▶ [Task goal] Would you return the data exactly as given, except for its pictures?

▶ [Given information]
◇ ◇ ◇

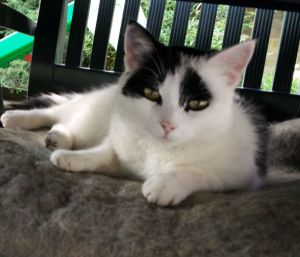 I have bird furriends too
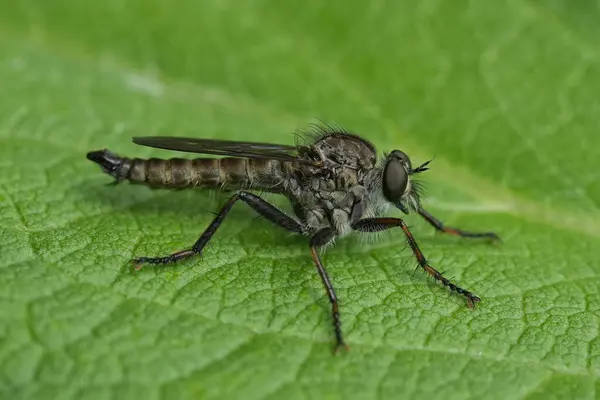 Stock image Natural detailed closeup on a European Male Kite-tailed Robberfly, Tolmerus atricapillus on a green leaf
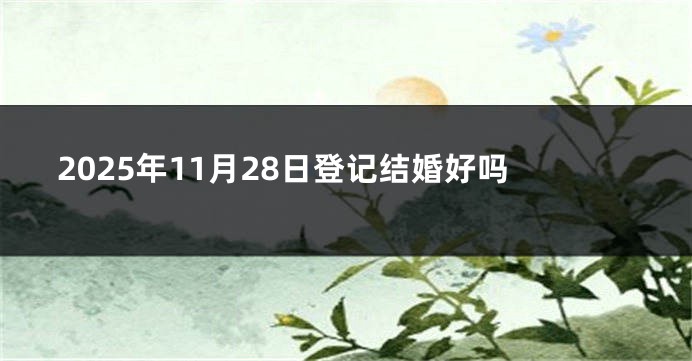 2025年11月28日登记结婚好吗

◇ ◇ ◇

▶ [Result of this exercise]
 I have bird furriends too
 Stock image Natural detailed closeup on a European Male Kite-tailed Robberfly, Tolmerus atricapillus on a green leaf
 2025年11月28日登记结婚好吗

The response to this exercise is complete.